It was just like any other day I found myself thinking about any interesting projects to do in tech space. Then I thought it would be fun to bypass the bot detection systems present on the internet.
I thought about building upon the prior work done by some one else to by pass the recaptcha. After searching for a bit, I came across an interesting paper here. This paper primarily talks about Google Recaptcha.
Google Recaptcha is widely used to detect bots on the internet. It has three behaviors when you click on the checkbox. It can behave as a simple checkbox i.e. it will simply allow you to perform the action like submitting the data without any further action required or it might think you are a bot therefore give you pictures to classify into groups which are pretty hard for any algorithm to actually solve machine learning included (they mostly give pictures to classify about street signs I am guessing for their self driving cars project or stores), it might give you texts as well with some obscurity like lines drawn here and there which are apparently discontinued because there are good machine learning algorithms out there which can solve this problem.
In this paper they talked about the techniques that they have used to bypass the recaptcha with over 70 percent accuracy.
They created a bot which initially would traverse random websites to seem like a legit user browsing the web, to get the token or the cookie to behave like it is from a valid users. They let it browse these websites for a couple of days (approximately 10 days).
After this trial period they get into attacking mode on a website which has recaptcha to stop bots. When they tried attacking with this trial token they saw that it doesn't ask for harder stuff, instead it grants permission to the bot with out any extra hassle.
Just think about it any one could have generated hundreds and thousands of such tokens with out any significant effort and attacked multiple websites to bypass their bot detection system.
They tried with fresh tokens but recaptcha being smart detected their fraudulent activity and asked to solve a couple of hard AI problems discussed above. But these guys had found a pattern and where able to exploit it with more than 70 percent accuracy (You can read the paper above to get the details about how exactly they were able to accomplish this). The best professional paid service to bypass a bot detection out there has only about 50 percent accuracy.

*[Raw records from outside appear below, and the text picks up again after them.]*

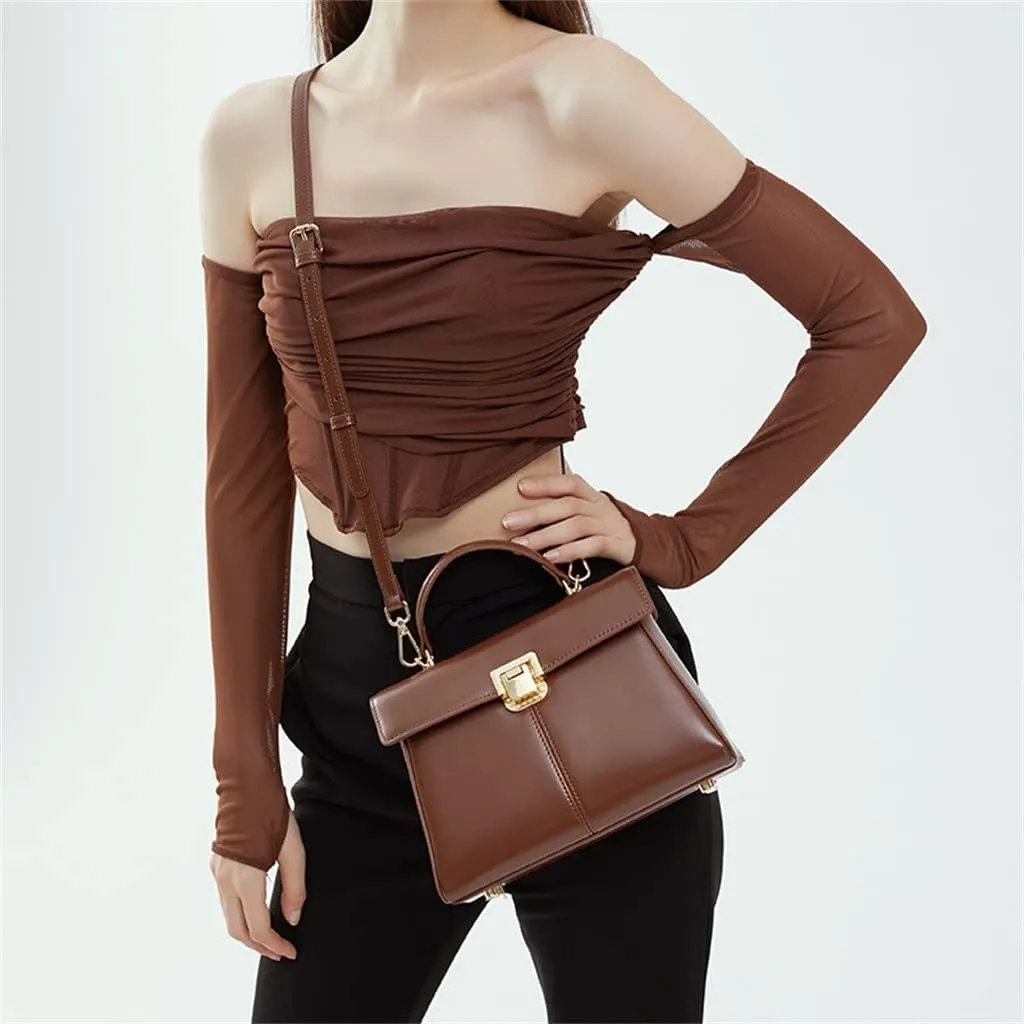 Horseshoe Buckle Work Commuting Leather Bag Texture Tote Sigle Shoulder Crossbody Bag Bag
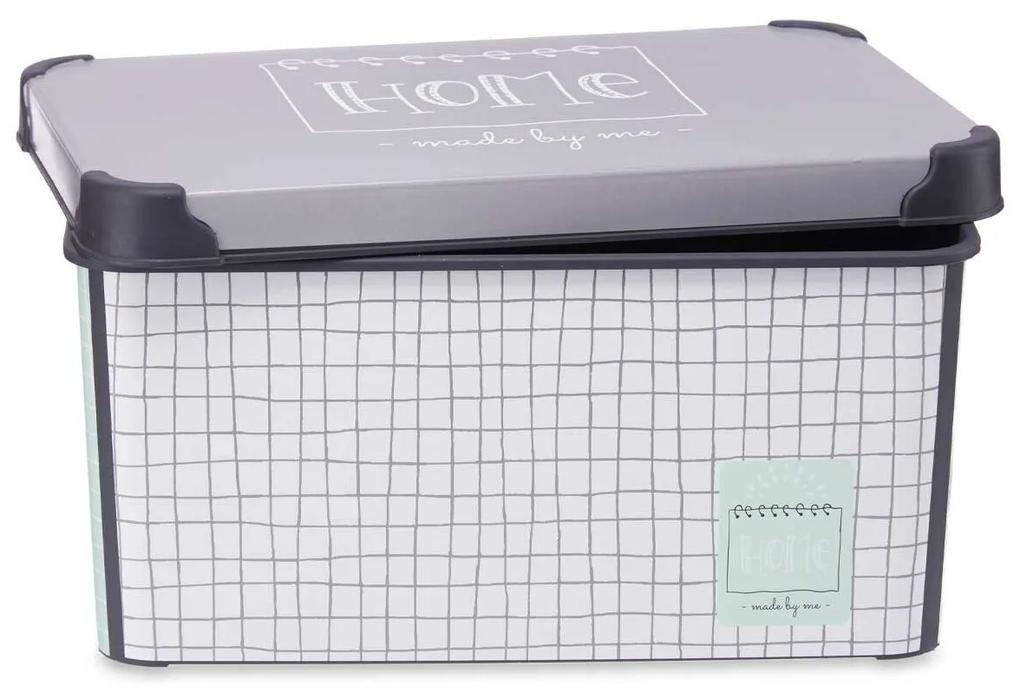 Scatola portaoggetti con coperchio Home Con griglia Grigio Plastica 10 L 23,5 x 16,5 x 35 cm (12 Unità)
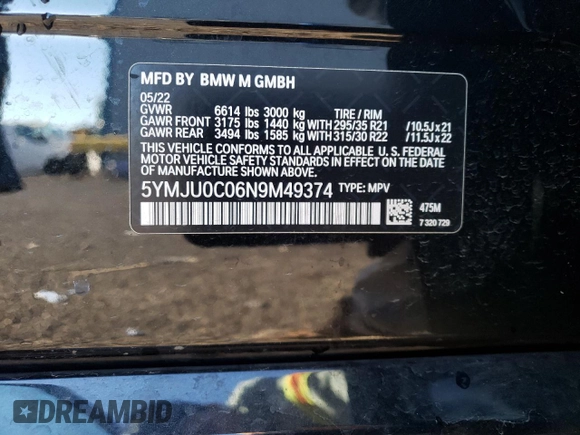 2022 BMW X5 M z VIN 5YMJU0C06N9M49374, wystawiony jako Copart lot #41621645 z przebiegiem 36 242 mil mil oraz Szkoda całkowita • Salvage title. Historia ofert i sprzedaży dostępna na DreamBid. Obrazek 15.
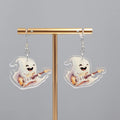 Halloween Ghost Electric Guitar Pierced Earrings Silver tone Dangle 1.5 in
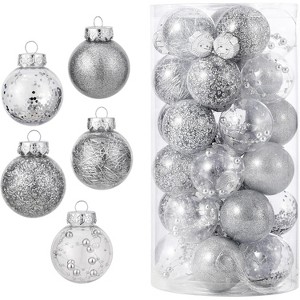 30 Pcs Christmas Ball Ornaments,2.36 in/6 cm Christmas Balls,Christmas Plastic Decorative Baubles - 1 of 4
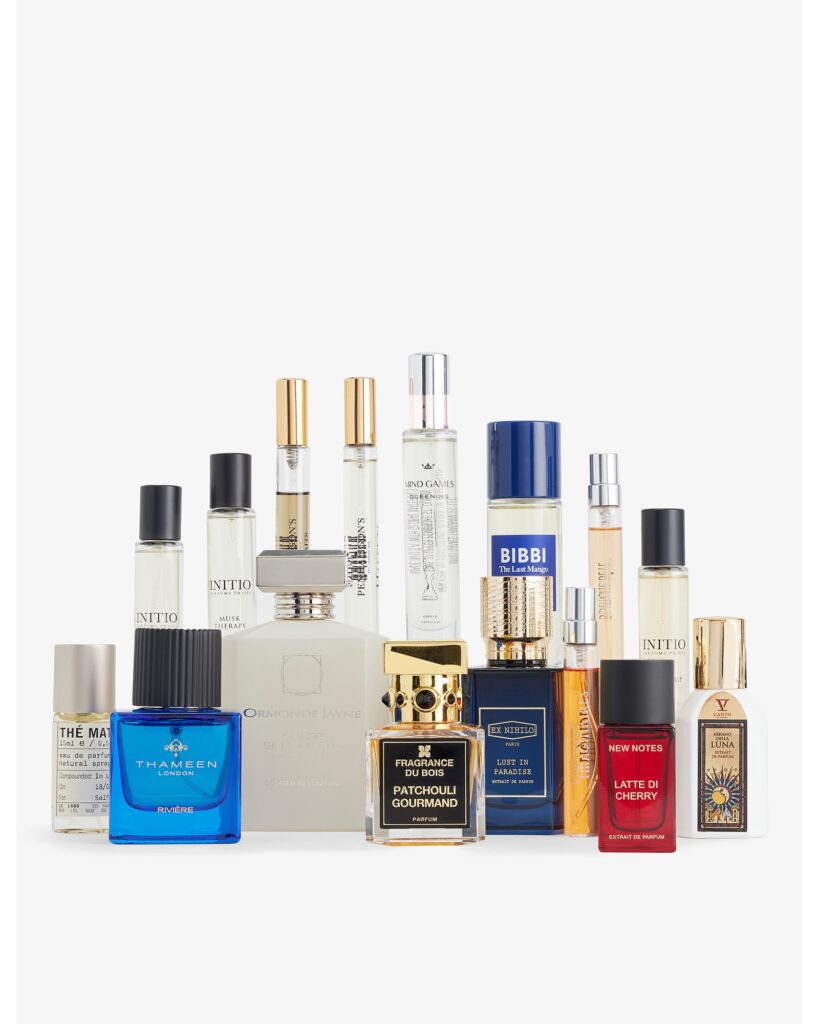 The line-up of niche perfumes from the Selfridges Fragrance Advent Calendar 2026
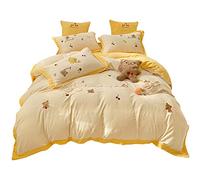 SLOPSS Cartoon Style Autumn and Winter Thick Milk Bed Sheet Four-Piece Cute Bear Cherry Quilt Cover Warm Velvet Bedding (Color Size 2m) (A 5 Piece Suit)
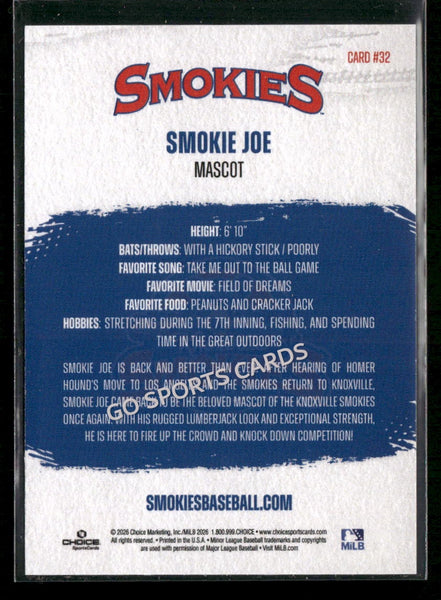 2026 Knoxville Smokies Smokie Joe Mascot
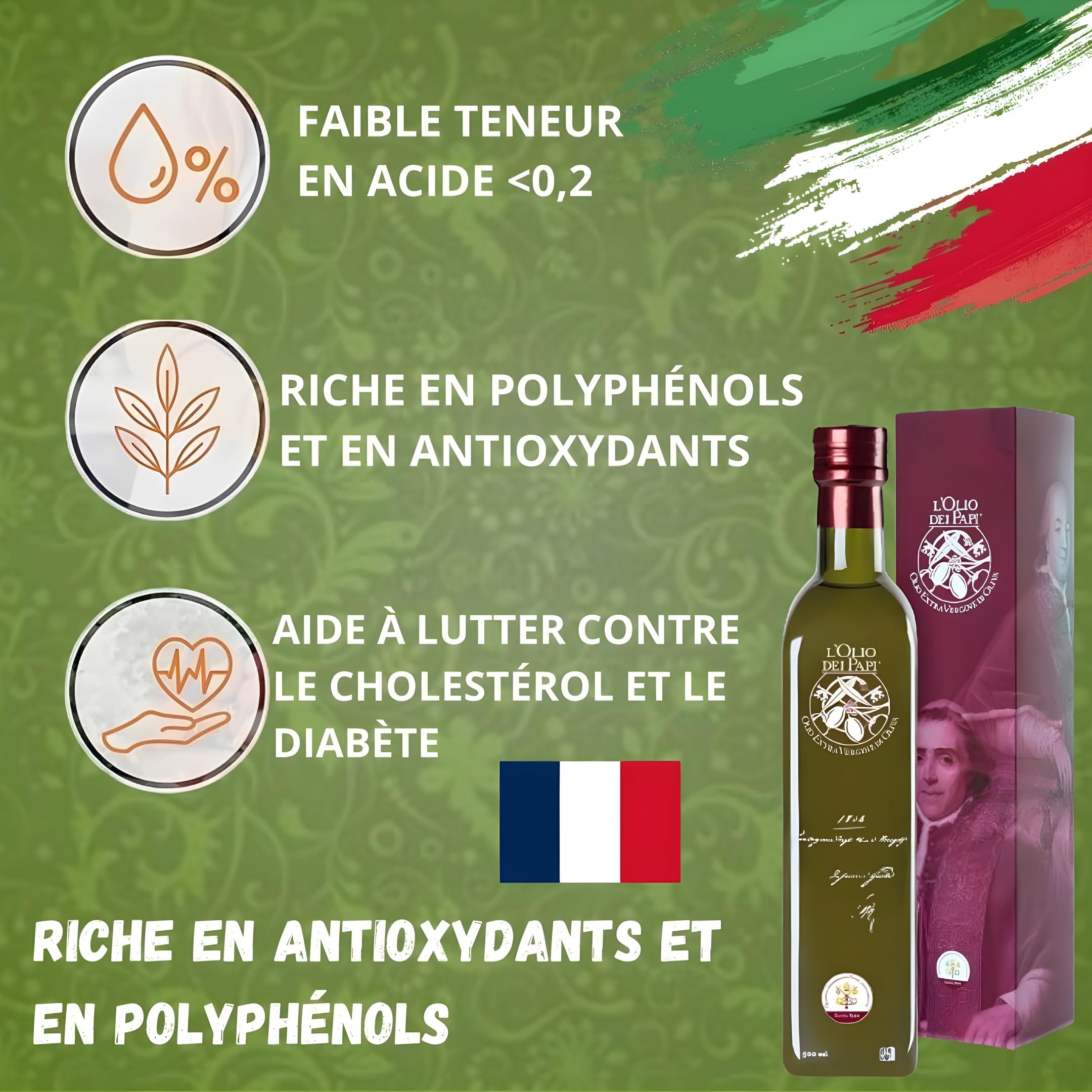 L'Olio dei Papi 100% Huile d'Olive Extra Vierge Italienne extraite à froid des oliveraies centenaires des anciennes terres des Papes 0,5 LT (étui)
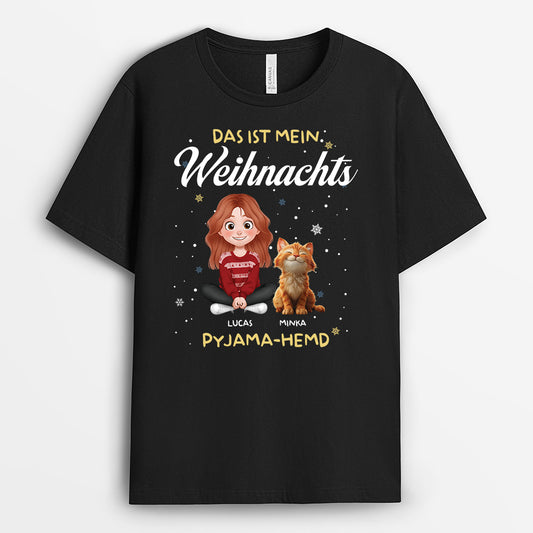 6529AGE2 das ist mein pfotjama schlafshirt weihnachts katzen t shirt personalisiert schneeflocken 6529ATTQD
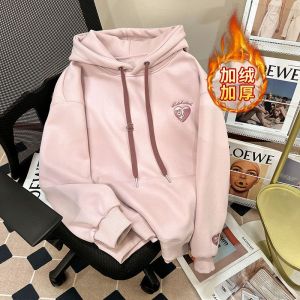 Pull En Peluche Et Épais Pour Femme Automne Et Hiver, Haut Chaud À Capuche Brodé Pour Femme Grande Taille - Neuf
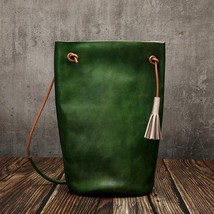 Vintage Nature Cow Leather Women Bucket Bag 2022 New Leisure Large Capacity Vers - £101.45 GBP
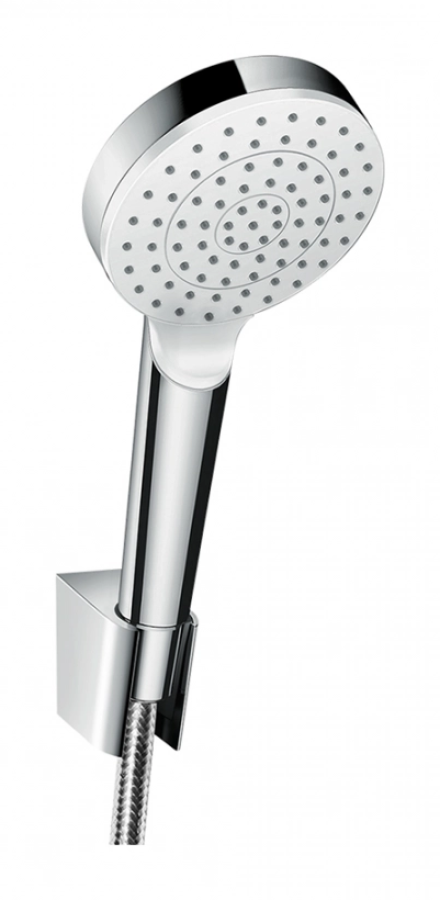 Душевой набор Hansgrohe HG Crometta Porter, настенный, лейка ручная с держателем и шлангом, цвет белый/хром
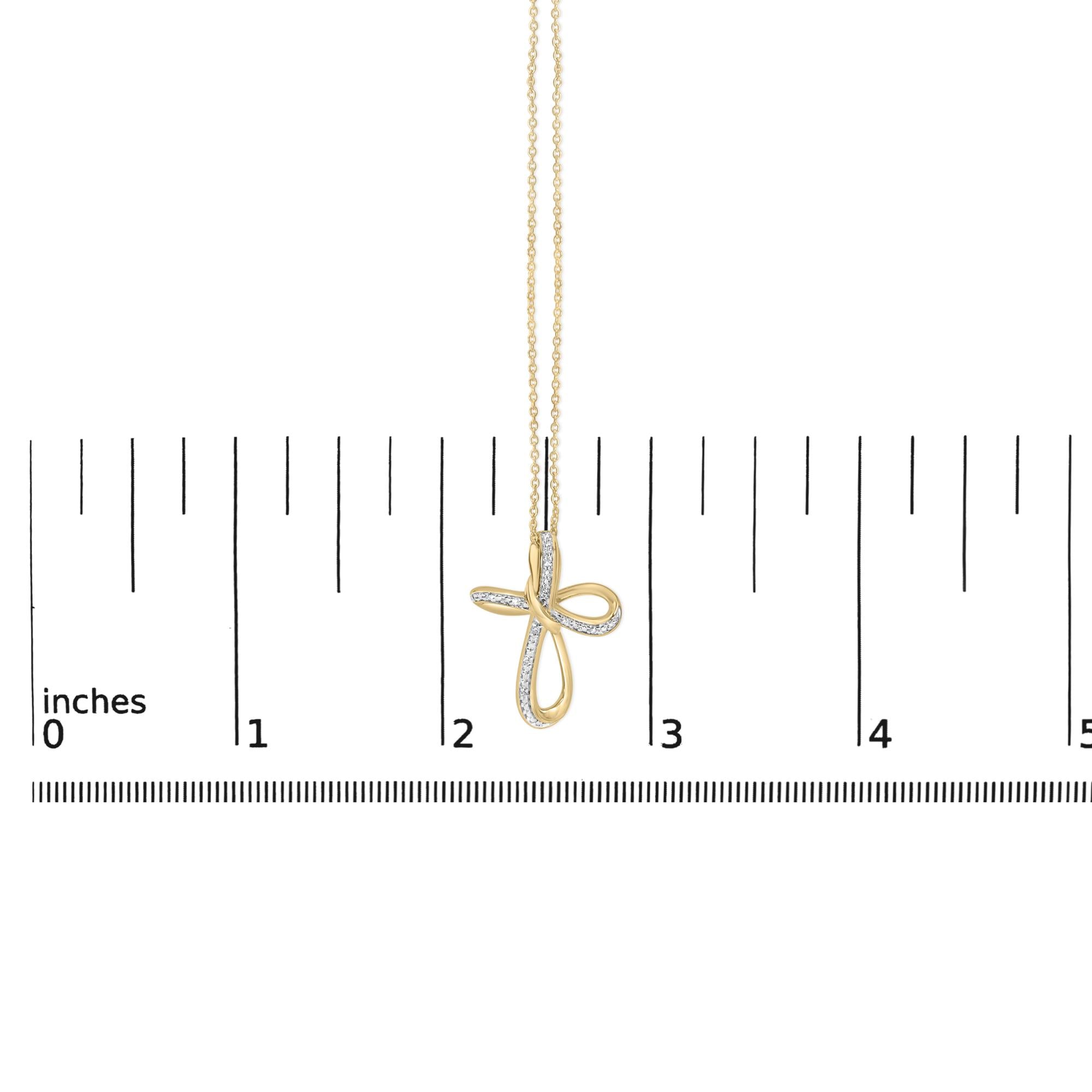 24 KT Gold Vermeil Diamond Accent Infinity Cross Pendant Necklace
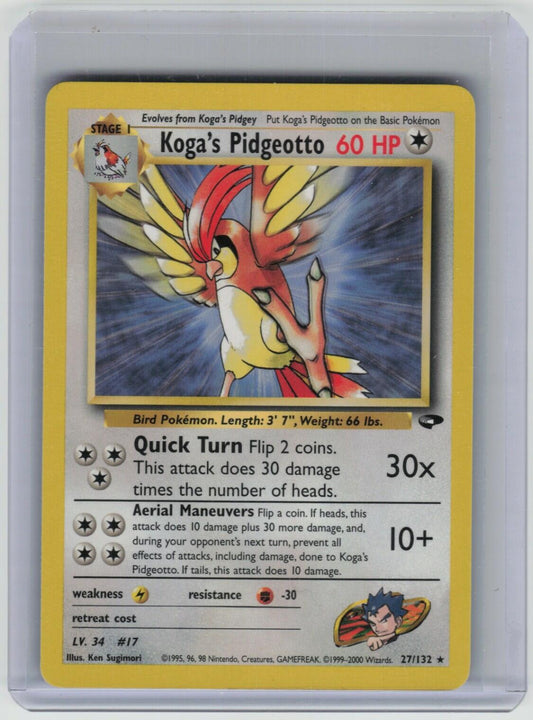Koga's Pidgeotto Rare Gym Challenge 027/132 LP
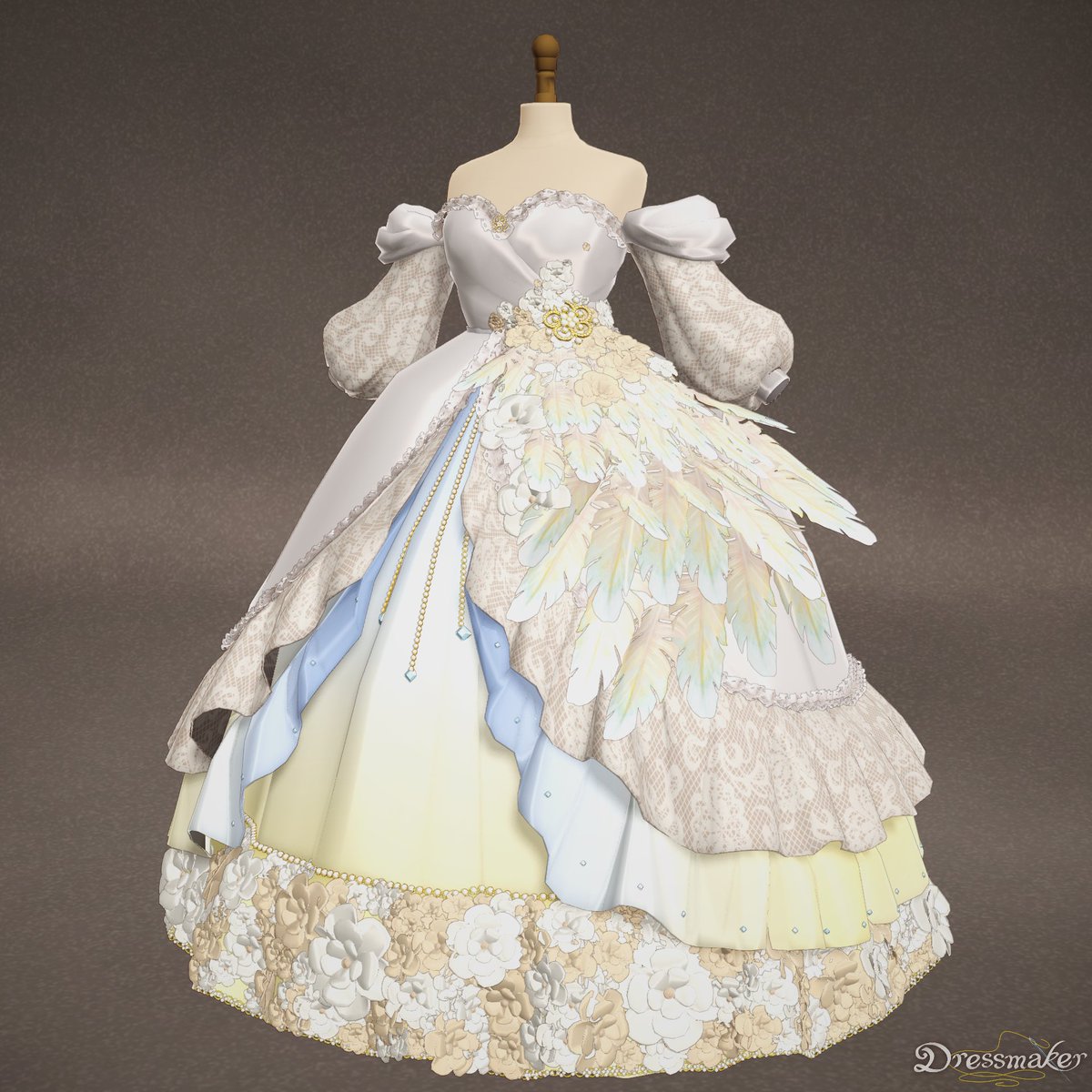 NoctilucaVT's tweet photo. 600+ flowers later, a wedding dress for a Duchess was made. #dressmaker https://t.co/g4Vr373ke0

Being responsible individuals they have forwarded their research to Google so that they can improve their infrastructure.
I have only scratched the surface of what the paper actually tells. You can check out the link above to read more about it.
As for me after the reading it, I have decided to explore other interesting topics in tech space that I am missing out on (this is my first time reading a paper like this). If you have any cool papers in mind or suggestions please drop a comment below about it and why you thought it was interesting.
Top comments (2)
I don't like recaptcha and refuse to use it because it's sending all this data to Google to improve their machine learning for free. It's pretty nasty and insidious.
What alternatives would you use then?